Brief descriptive captions
▼

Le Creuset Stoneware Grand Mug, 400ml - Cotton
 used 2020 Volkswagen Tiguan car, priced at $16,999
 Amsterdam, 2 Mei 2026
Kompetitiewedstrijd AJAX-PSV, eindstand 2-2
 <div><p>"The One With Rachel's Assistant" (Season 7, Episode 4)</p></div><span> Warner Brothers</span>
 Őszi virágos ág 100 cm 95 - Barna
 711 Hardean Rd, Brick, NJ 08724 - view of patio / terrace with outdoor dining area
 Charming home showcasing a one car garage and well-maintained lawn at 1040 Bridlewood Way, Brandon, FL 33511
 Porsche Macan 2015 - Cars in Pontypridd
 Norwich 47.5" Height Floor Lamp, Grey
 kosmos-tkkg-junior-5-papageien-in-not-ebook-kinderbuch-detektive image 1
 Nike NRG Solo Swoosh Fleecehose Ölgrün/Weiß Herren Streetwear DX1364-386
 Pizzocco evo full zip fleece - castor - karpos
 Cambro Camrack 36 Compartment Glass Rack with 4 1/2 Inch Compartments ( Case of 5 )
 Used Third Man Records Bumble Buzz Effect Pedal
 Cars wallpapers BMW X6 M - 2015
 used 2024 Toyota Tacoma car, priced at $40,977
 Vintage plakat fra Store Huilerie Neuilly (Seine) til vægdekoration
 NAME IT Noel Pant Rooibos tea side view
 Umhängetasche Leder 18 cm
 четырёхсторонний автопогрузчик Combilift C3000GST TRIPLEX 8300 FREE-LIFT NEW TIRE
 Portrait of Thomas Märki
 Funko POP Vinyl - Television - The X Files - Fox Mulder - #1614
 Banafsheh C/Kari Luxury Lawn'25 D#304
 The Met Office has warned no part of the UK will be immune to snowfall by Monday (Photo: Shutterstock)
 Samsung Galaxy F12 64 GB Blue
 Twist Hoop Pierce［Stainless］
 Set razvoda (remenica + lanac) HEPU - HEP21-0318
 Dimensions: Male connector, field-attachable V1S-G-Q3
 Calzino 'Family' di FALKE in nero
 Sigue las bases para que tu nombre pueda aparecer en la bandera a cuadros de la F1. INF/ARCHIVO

▲

Required action = Show, from the records above, every line that includes "view".

Task result =
 711 Hardean Rd, Brick, NJ 08724 - view of patio / terrace with outdoor dining area
 NAME IT Noel Pant Rooibos tea side view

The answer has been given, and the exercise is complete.